Round Trip – A Shareholder initiated transfer into the Fund followed by a Shareholder initiated transfer out of the Fund within a thirty (30) calendar day period.

 

h.

Second Round Trip – A Shareholder initiated transfer into the Fund followed by a Shareholder initiated transfer out of the Fund within a thirty (30) calendar-day period beginning on the calendar day a Round Trip was completed.

 

i.

Subscription/Redemption Report. A quarterly report prepared by Intermediary for the Fund which includes the following data: (i) monthly subscriptions and redemptions for the quarter for each Portfolio, (ii) corresponding amounts as a percentage of average quarterly net assets of each Portfolio of the Fund, and (iii) a summary of the total number of Shareholders who were restricted from purchasing shares of a Portfolio(s) during the previous calendar quarter.

Section 2 - Intermediary Frequent Trading Monitoring and Purchase Restriction Period.
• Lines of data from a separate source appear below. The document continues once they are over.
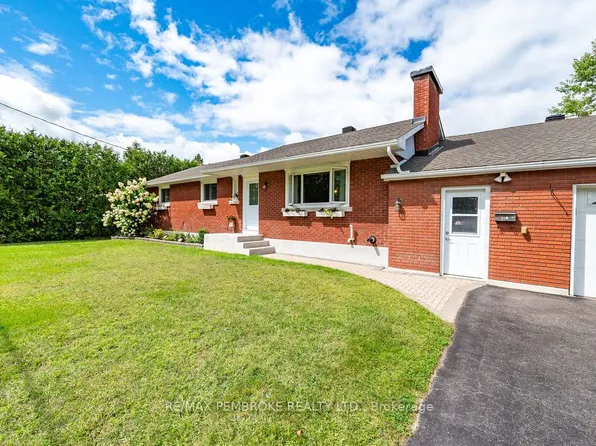 13 Sunset Cres, Petawawa, ON K8H 2L8
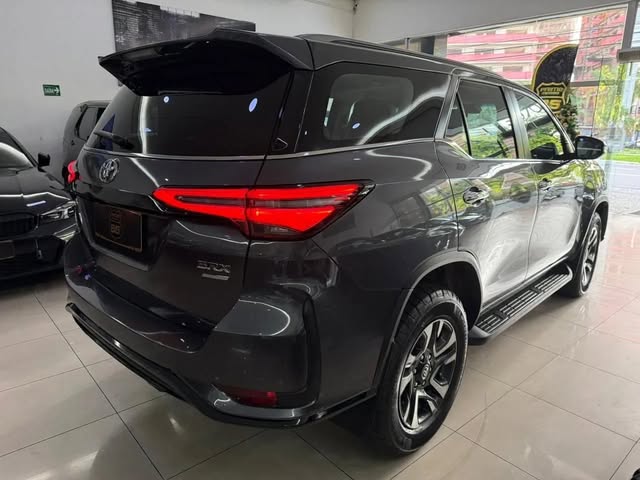 TOYOTA HILUX SRX PLATINUM - Imagem 3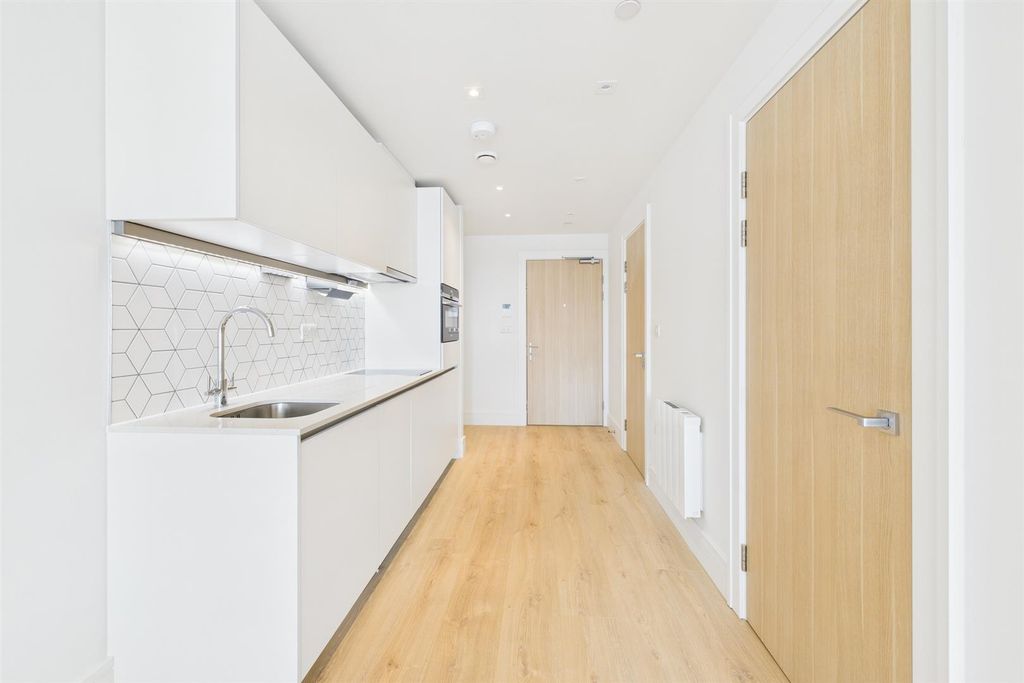 Property photo 3 of 12 Cam02700G0-Pr0284-Still010.Jpg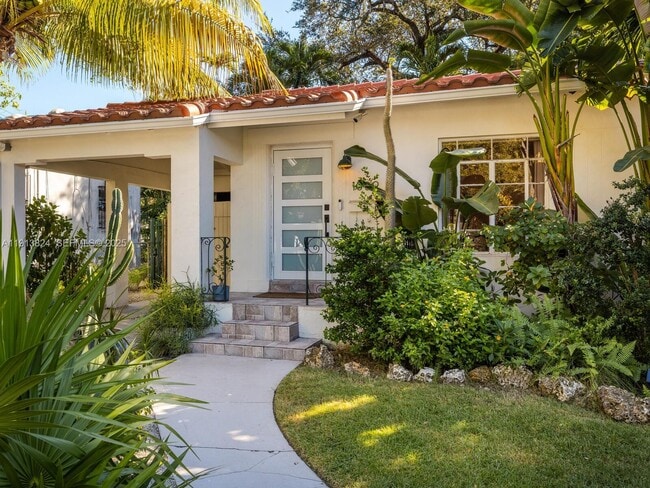 Building Photo - 1009 NW 11th Ct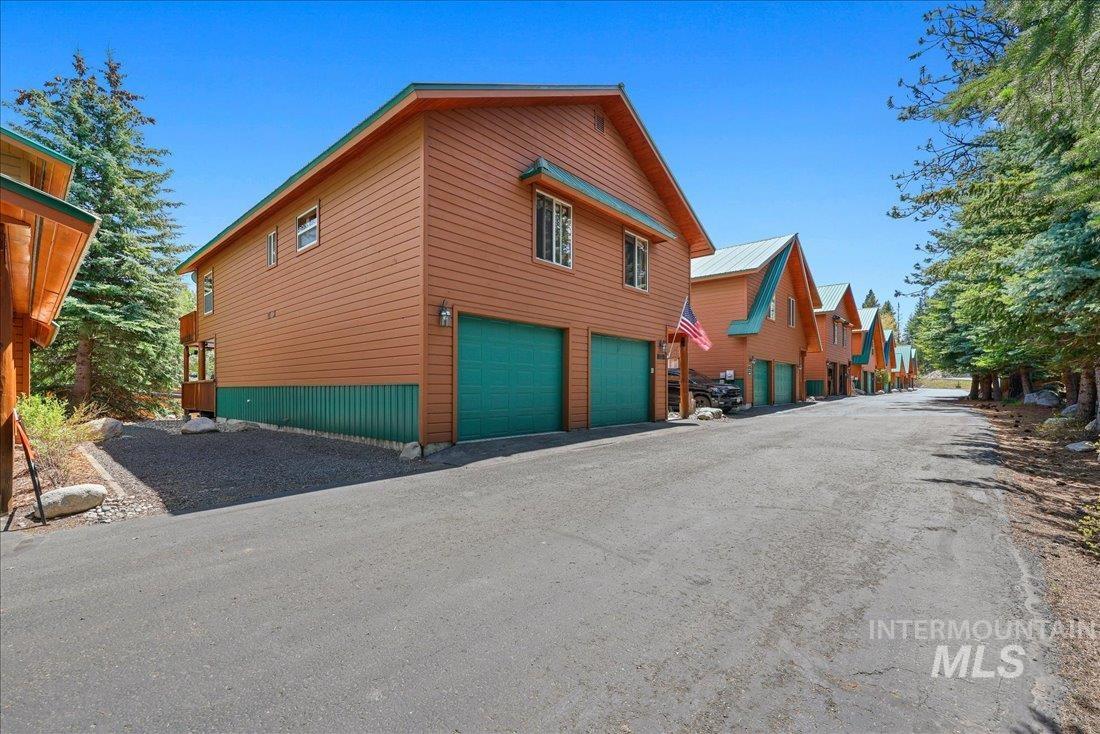 1425 Clements Rd Property Photo 3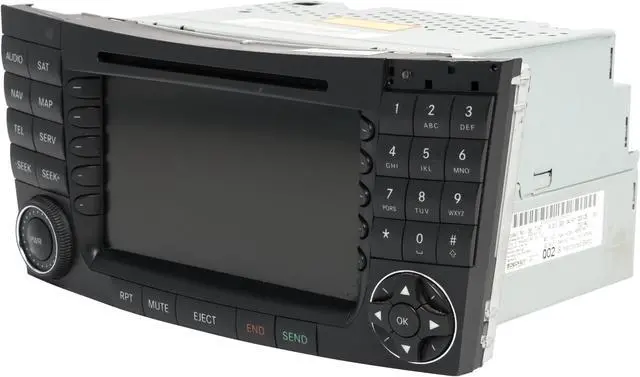 Alt view image 2 of 5 - Mercedes-Benz CLS-Class 2007-2008 Radio AM FM Single Disc CD Player 2118203497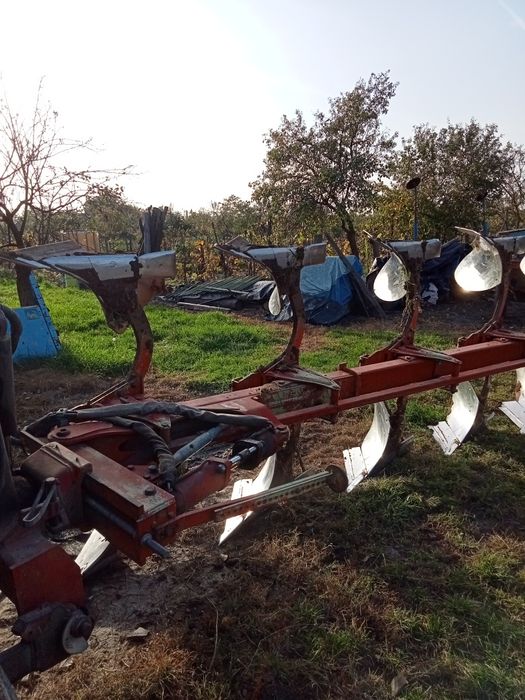 Vând tractor UTB 650 plus utilaje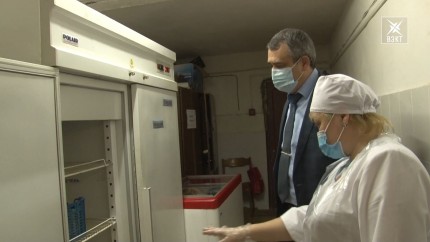 Проверка в хорловской школе «Наши традиции». Комиссия из администрации осмотрела пищеблок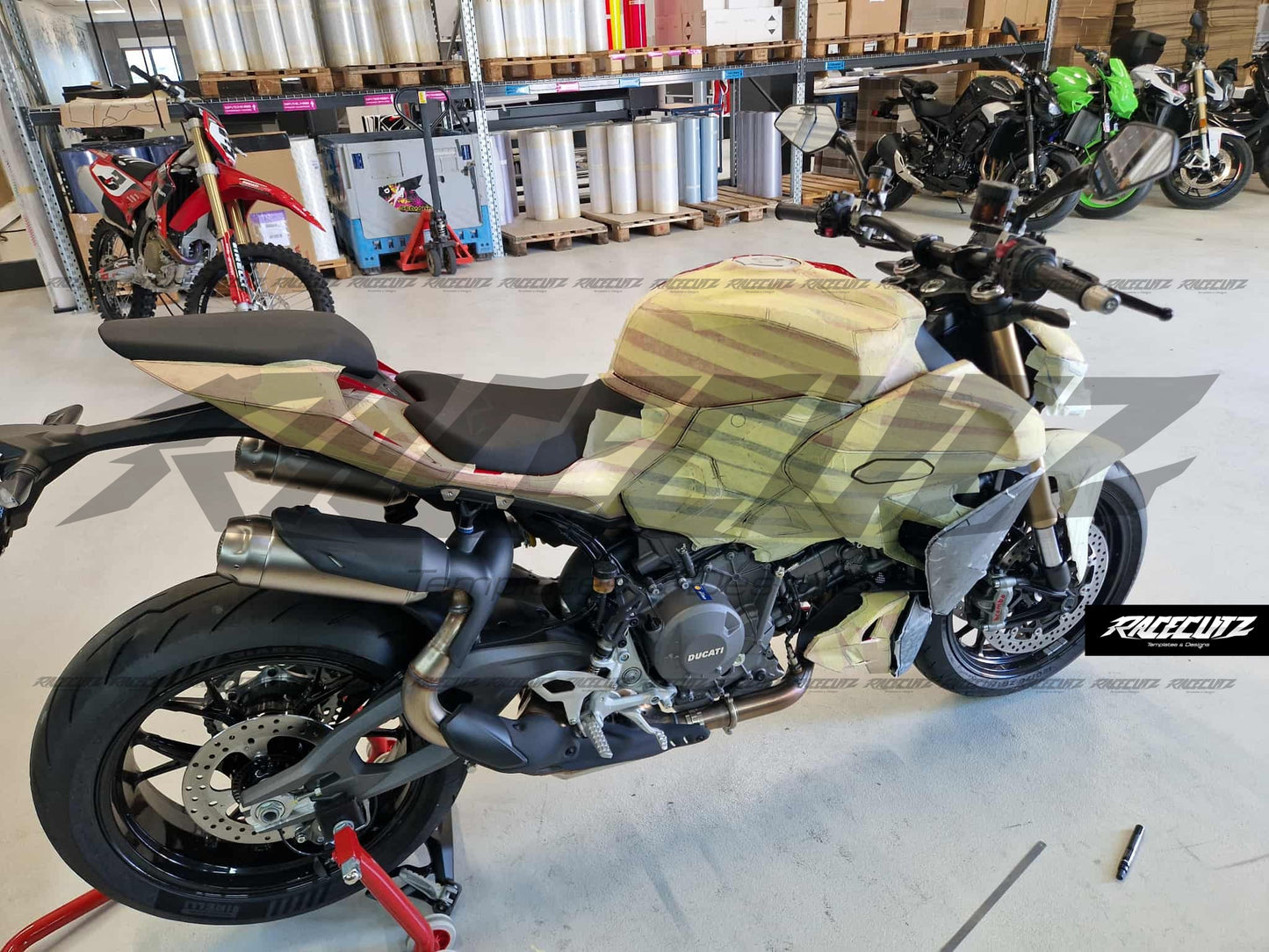 DUCATI STREETFIGHTER 890 V2 & V2S 2025-2026 TEMPLATE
The Fund hereby instructs and directs Intermediary to monitor for Frequent Trading. Intermediary agrees to use reasonable efforts to monitor Shareholder initiated Exchange Purchases and Exchange Redemptions in accordance with the terms set forth herein.

 

a.

Intermediary will monitor Shareholder initiated Exchange Purchases and Exchange Redemptions and will identify any Shareholder who initiates a Round Trip in the Fund during a thirty (30) calendar-day period beginning with each Exchange Purchase into the Fund. Such monitoring will be done on a plan by plan basis (not across multiple plans).

 

b.

Any Shareholder identified as executing a Round Trip in the Fund will be notified by Intermediary as soon as administratively practicable that a second Round Trip within such Fund will subject such Shareholder to the Purchase Restriction Period set forth herein.

 

c.

Fund hereby instructs Intermediary to notify the Shareholder and to impose the Purchase Restriction Period as soon as administratively possible on any Shareholder identified as completing a Second Round Trip within the Fund. Such restriction shall apply only with respect to the Fund in the Shareholder’s account in the Plan.

 

d.

Intermediary is instructed to restore the Shareholder’s Exchange Purchase privileges upon the expiration of the Purchase Restriction Period.

 

e.

Fund agrees that the Round Trip, Second Round Trip and Purchase Restriction Period set out within this agreement are no more restrictive than any other periods agreed to between the Fund and any other intermediary. To the extent Fund agrees to a shorter Round Trip, Second Round Trip and/or Purchase Restriction Period with any other intermediary, Fund agrees to immediately notify Intermediary, and accordingly amend this Amendment to the Agreement to reflect the differing provisions.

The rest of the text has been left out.